##### Input for this task #####

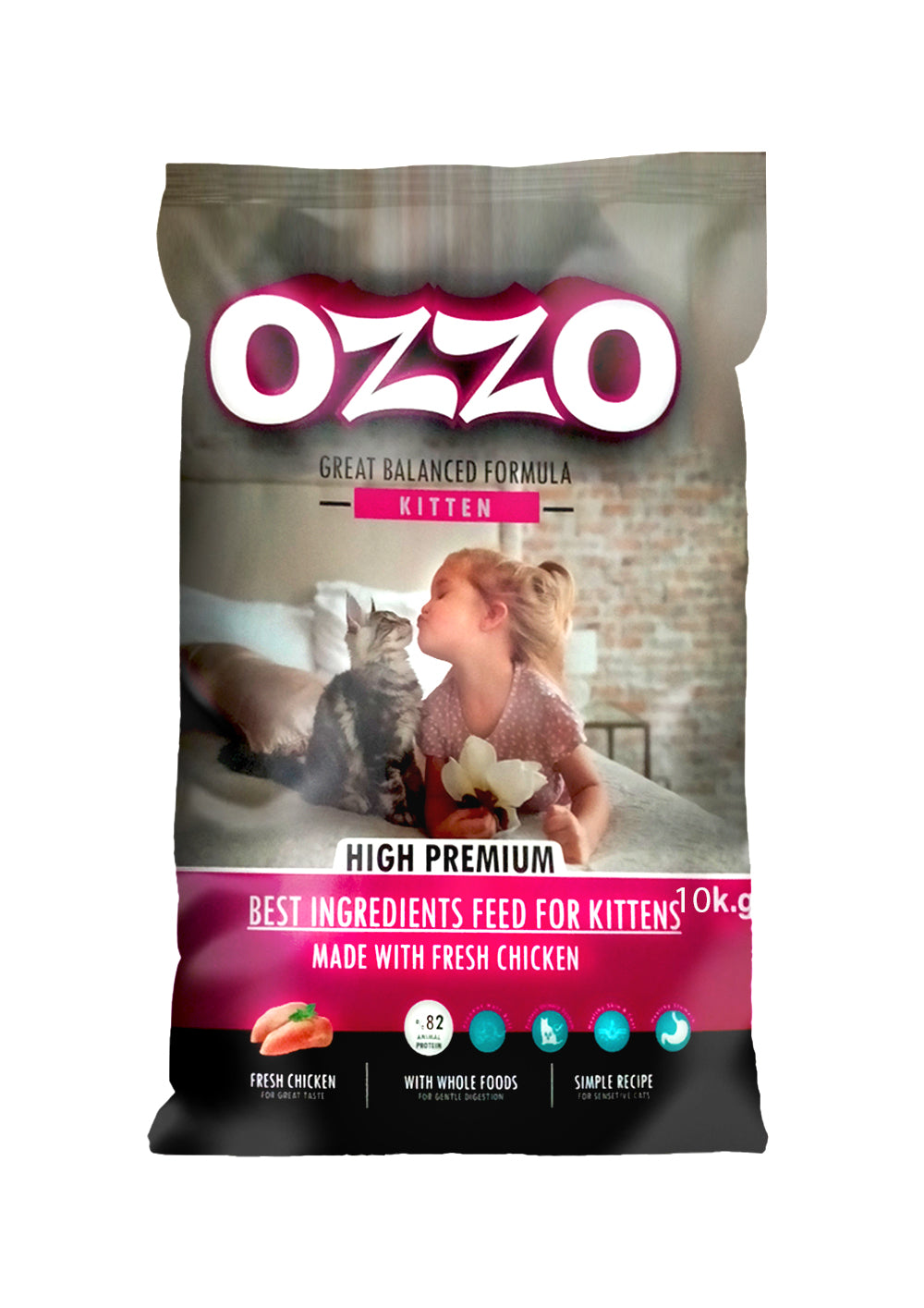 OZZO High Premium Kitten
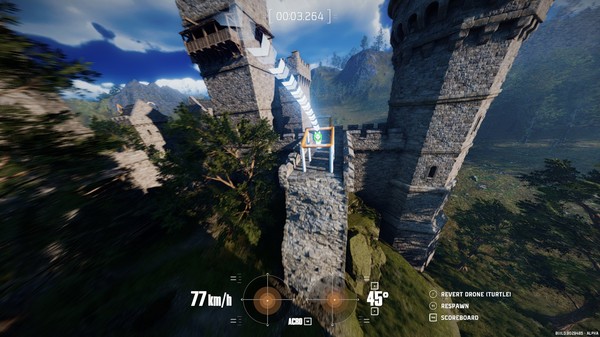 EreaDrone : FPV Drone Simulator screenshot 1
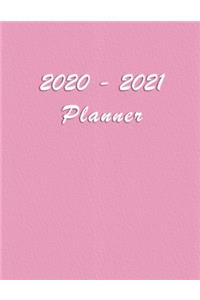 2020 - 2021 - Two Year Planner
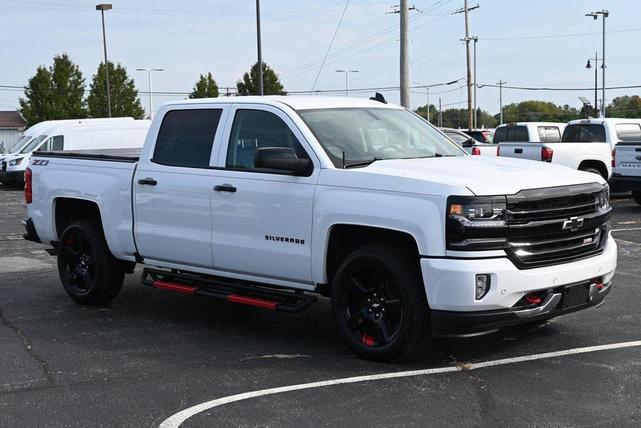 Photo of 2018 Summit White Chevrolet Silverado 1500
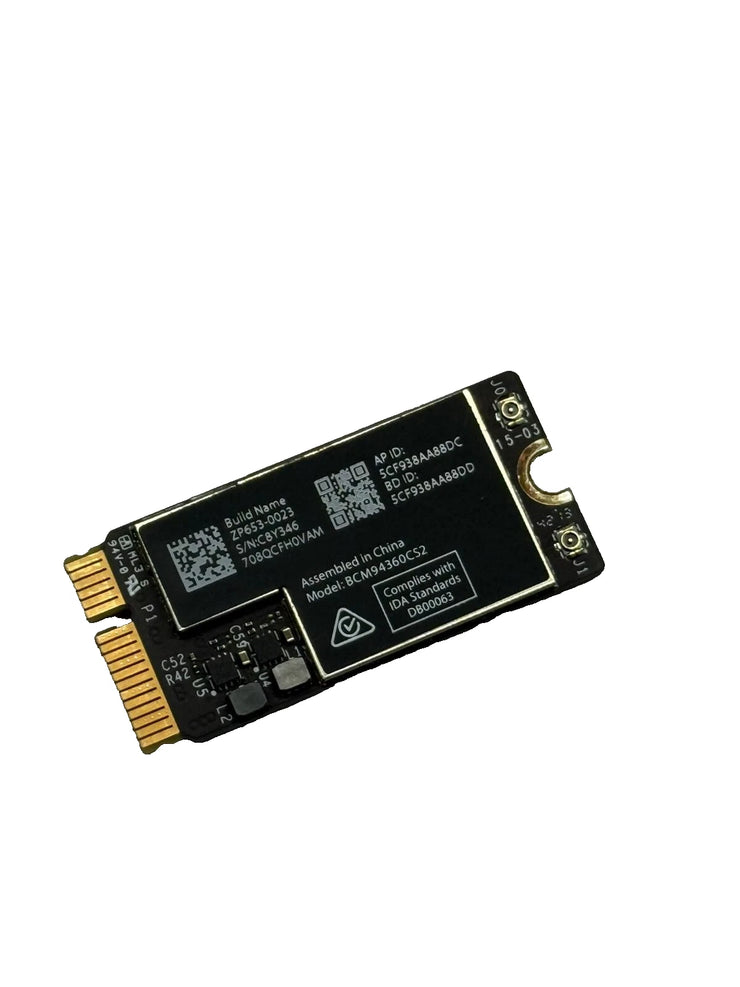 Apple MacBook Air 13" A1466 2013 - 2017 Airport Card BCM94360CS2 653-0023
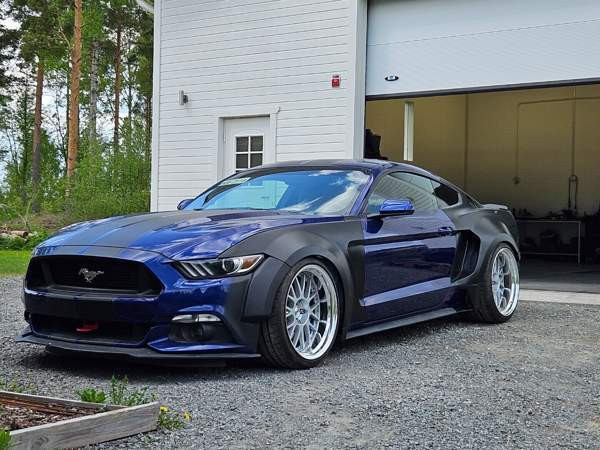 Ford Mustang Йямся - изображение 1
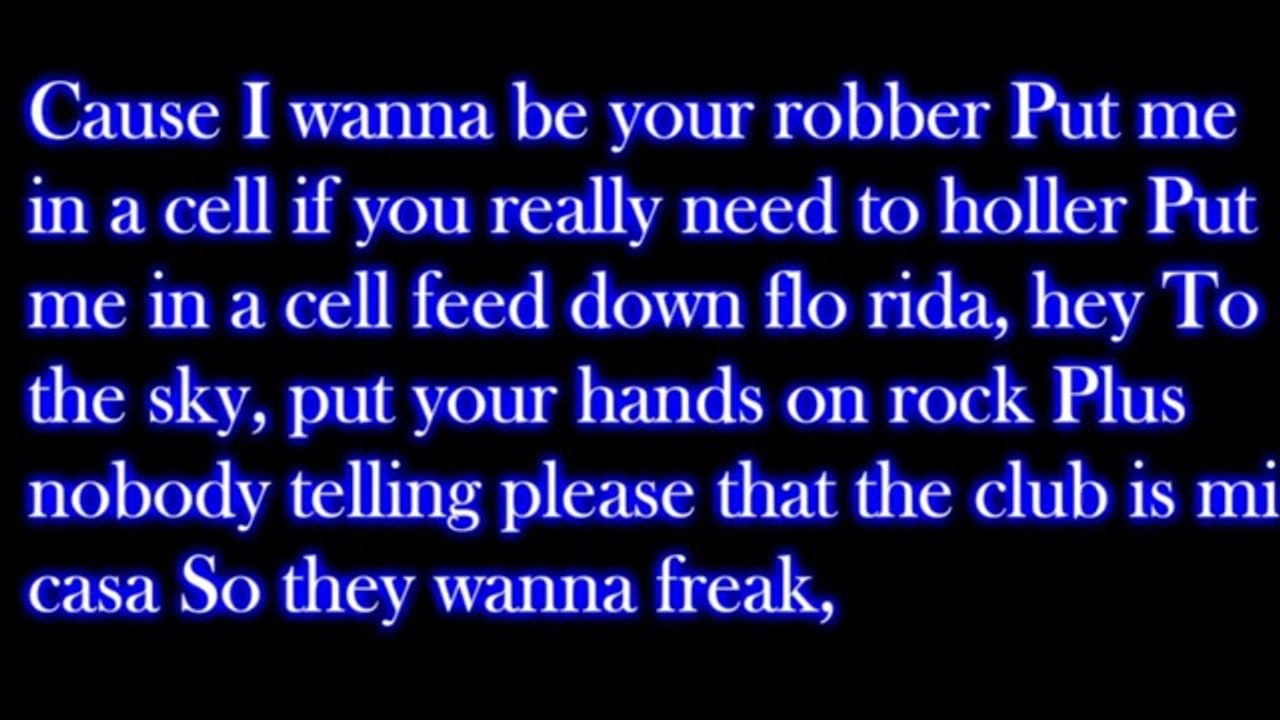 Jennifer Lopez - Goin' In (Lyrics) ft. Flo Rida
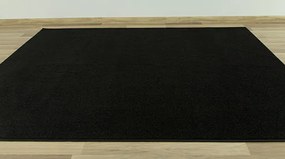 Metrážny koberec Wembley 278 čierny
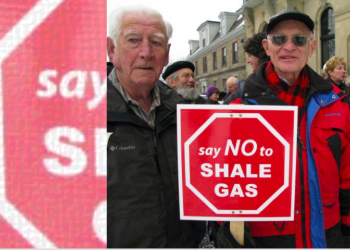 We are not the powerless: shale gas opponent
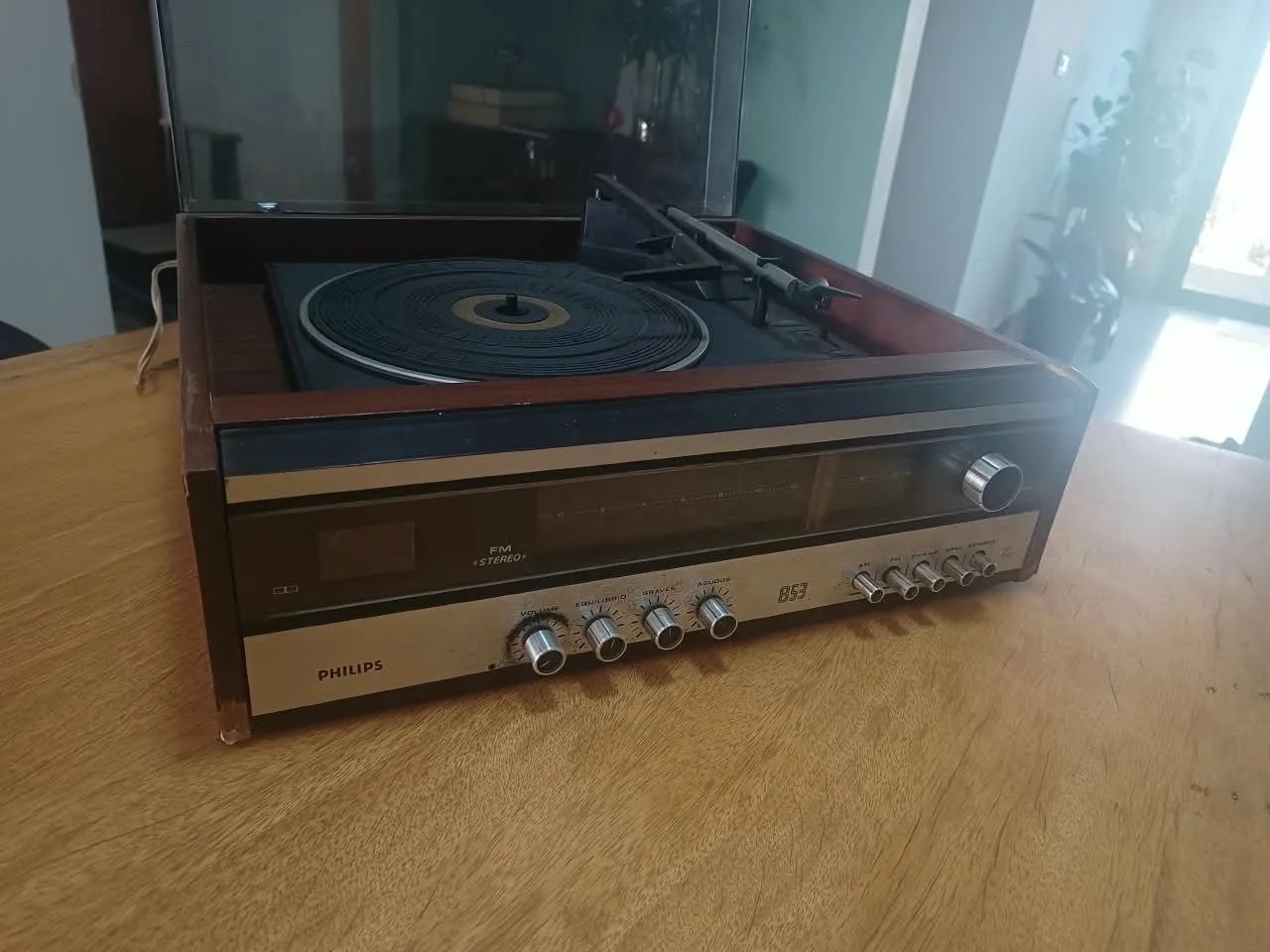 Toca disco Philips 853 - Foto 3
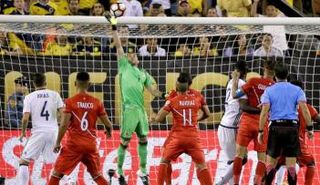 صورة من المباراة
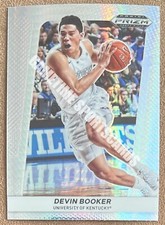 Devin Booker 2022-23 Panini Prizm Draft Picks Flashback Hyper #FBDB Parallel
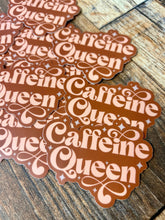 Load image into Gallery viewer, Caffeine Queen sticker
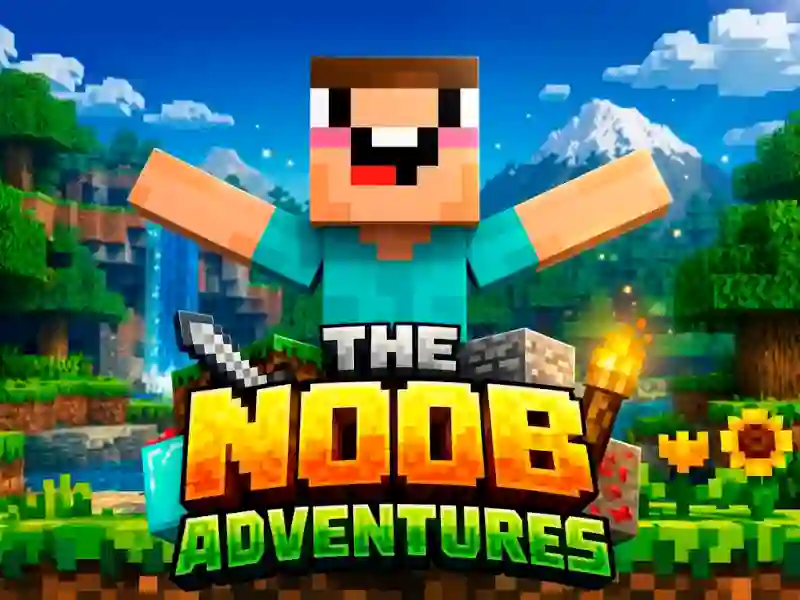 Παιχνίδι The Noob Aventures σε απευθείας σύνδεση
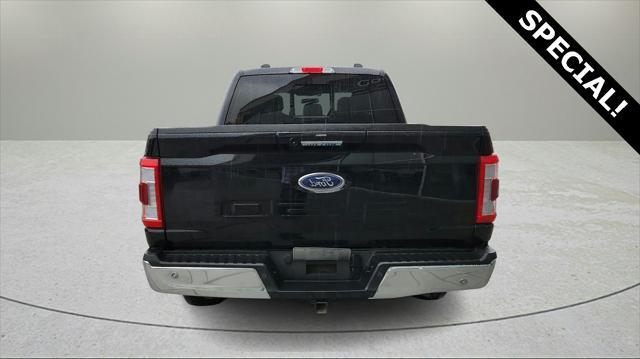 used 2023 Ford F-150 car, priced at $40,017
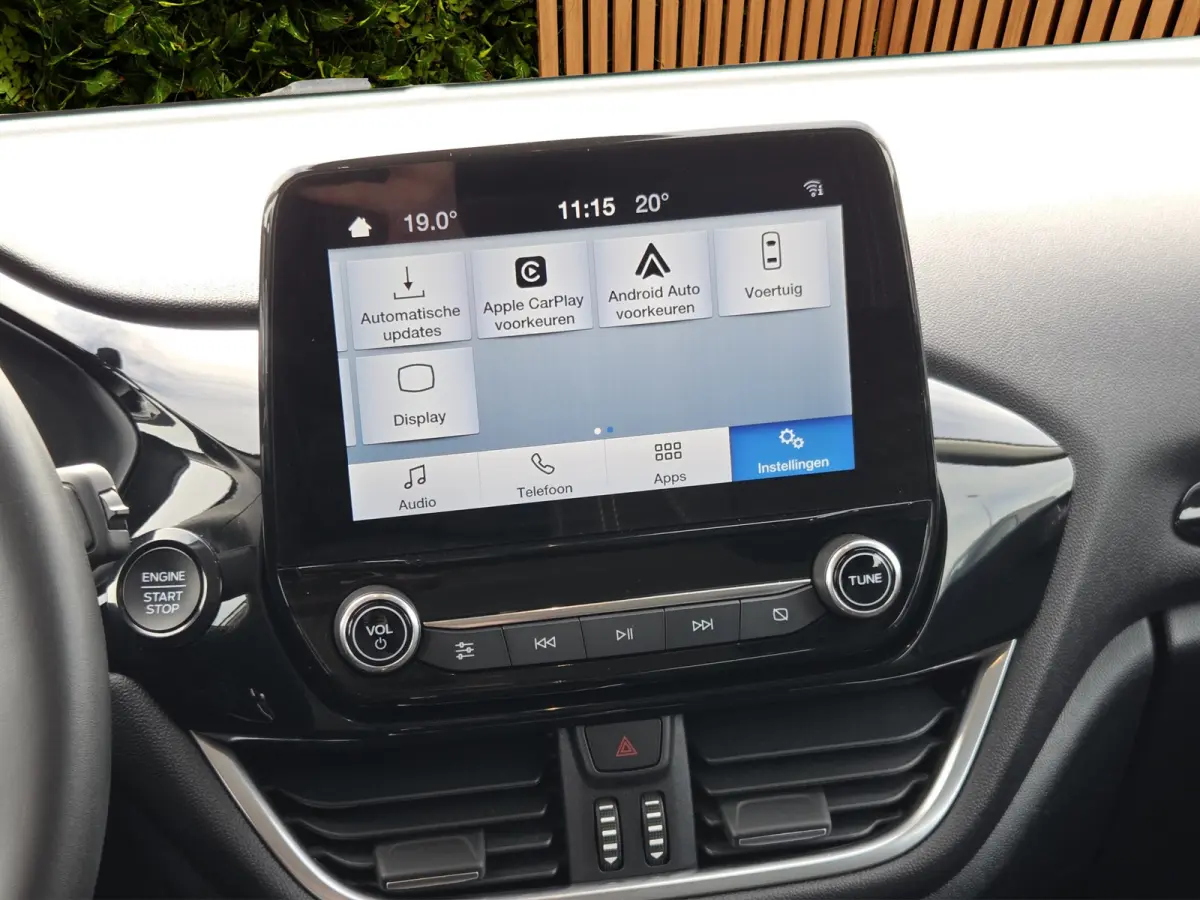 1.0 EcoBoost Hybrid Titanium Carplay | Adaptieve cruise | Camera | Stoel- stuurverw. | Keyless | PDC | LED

#####

*What to produce*
A word-for-word copy of the entries above is what is needed, without any images.

*Solved problem*
 OZZO High Premium Kitten
 EreaDrone : FPV Drone Simulator screenshot 1
 2020 - 2021 - Two Year Planner
 Photo of 2018 Summit White Chevrolet Silverado 1500
 Apple MacBook Air 13" A1466 2013 - 2017 Airport Card BCM94360CS2 653-0023
 Ford Mustang Йямся - изображение 1
 Jennifer Lopez - Goin' In (Lyrics) ft. Flo Rida
 Metrážny koberec Wembley 278 čierny
 We are not the powerless: shale gas opponent
 Toca disco Philips 853 - Foto 3
 صورة من المباراة
 Devin Booker 2022-23 Panini Prizm Draft Picks Flashback Hyper #FBDB Parallel
 Load image into Gallery viewer, Caffeine Queen sticker
 Παιχνίδι The Noob Aventures σε απευθείας σύνδεση
 used 2023 Ford F-150 car, priced at $40,017
 1.0 EcoBoost Hybrid Titanium Carplay | Adaptieve cruise | Camera | Stoel- stuurverw. | Keyless | PDC | LED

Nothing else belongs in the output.